Stryker warned that the study, funded by the National Institutes of Health and conducted at 3 U.S. sites, targeted patients earlier in the usual treatment cycle and used a more aggressive drug regimen than used in standard practice.
Researchers at Cedars-Sinai Medical Center in Los Angeles also pointed out that most patients in the study had blockages in smaller arteries, noting that those patients weren’t as sick as those considered in Wingspan’s original studies and thus didn’t fit the population considered most likely to benefit from stenting.
The original study was conducted on 45 patients and did not include a control group of non-stented patients for comparison, finding a 4.4 percent stroke rate after 30 days. Clinical trial standards for effectiveness are less stringent for HDE applications than for pre-market approval submissions.

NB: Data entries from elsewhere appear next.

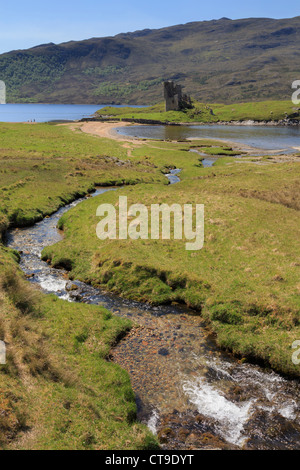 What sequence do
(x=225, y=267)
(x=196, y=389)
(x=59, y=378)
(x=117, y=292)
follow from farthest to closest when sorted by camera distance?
(x=225, y=267) → (x=117, y=292) → (x=196, y=389) → (x=59, y=378)

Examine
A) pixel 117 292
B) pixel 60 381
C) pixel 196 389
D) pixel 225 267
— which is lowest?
pixel 196 389

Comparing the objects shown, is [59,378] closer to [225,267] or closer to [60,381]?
[60,381]

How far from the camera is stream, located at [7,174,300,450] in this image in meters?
15.1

"The SAMMPRIS trial did not follow the current HDE indication for use; it focused on studying the treatment of severe intracranial atherosclerotic disease, early in the treatment lifecycle and with an aggressive drug treatment regimen and rigorous oversight of medication compliance," Stryker spokeswoman Tamara Cutler told MassDevice at the time, adding that the system is cleared for use in no more than 4,000 patients per year.

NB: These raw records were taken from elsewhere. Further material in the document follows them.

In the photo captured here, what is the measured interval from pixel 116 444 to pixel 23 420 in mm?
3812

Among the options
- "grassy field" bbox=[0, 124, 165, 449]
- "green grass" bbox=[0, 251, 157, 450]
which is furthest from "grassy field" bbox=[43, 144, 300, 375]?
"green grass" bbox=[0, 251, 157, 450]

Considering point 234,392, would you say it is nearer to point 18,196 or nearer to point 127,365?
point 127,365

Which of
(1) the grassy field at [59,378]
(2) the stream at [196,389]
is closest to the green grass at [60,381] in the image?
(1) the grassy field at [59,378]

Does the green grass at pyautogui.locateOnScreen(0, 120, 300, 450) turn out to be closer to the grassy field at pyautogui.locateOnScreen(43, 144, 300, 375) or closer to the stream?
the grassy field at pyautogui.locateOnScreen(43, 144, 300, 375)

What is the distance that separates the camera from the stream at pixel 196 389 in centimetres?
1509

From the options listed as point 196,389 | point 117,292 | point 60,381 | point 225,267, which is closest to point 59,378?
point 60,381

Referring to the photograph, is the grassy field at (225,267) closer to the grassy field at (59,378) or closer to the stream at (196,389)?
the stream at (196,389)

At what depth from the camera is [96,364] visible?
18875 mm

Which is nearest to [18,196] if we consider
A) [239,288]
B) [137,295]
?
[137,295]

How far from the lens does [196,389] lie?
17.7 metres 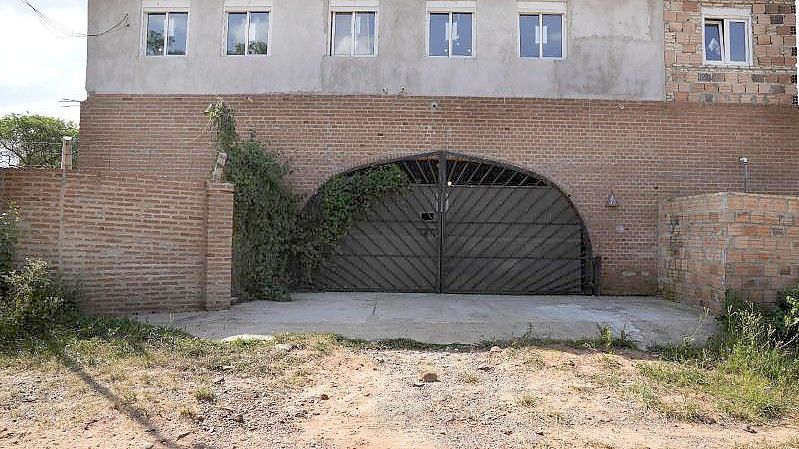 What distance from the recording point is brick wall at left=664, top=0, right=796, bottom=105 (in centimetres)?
1122

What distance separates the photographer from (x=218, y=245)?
27.9 ft

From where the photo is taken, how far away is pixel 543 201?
1118 cm

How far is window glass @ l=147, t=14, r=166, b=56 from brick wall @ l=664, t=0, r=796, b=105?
10571 mm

Those arguments failed to mollify Public Citizen, who issued a release last month calling the device’s presence on the market a "reckless disregard for public safety."
"I can see no reason why this device should continue to be available," Kessler wrote in a letter in support of the petition. "I understand that the FDA needs to use its regulatory authority in flexible and not dogmatic ways and granting of HDEs when data about safety and effectiveness are not complete is a legitimate exercise of regulatory authority. However, for that flexibility, the FDA must realize it has an equally important duty to move swiftly to make regulatory changes and announcements when device problems are uncovered."
"Due to the FDA’s unconscionable decision to delay withdrawal of the agency’s approval of the Wingspan Stent System HDE, the continued use of this device exposes patients to an unacceptable risk of serious harm, including death," Public Citizen health research group deputy director Dr. Michael Carome said in prepared remarks. "Given the evidence of significant harm with no evidence of any benefit, there is no justification for any additional patients to be treated with this dangerous device."
"Stryker continues to support the Wingspan stent system and Gateway PTA balloon catheter as an FDA-approved Humanitarian Use Device for improving cerebral artery lumen diameter in patients with intracranial atherosclerotic disease who have failed medical therapy," the company said today in a statement sent to MassDevice.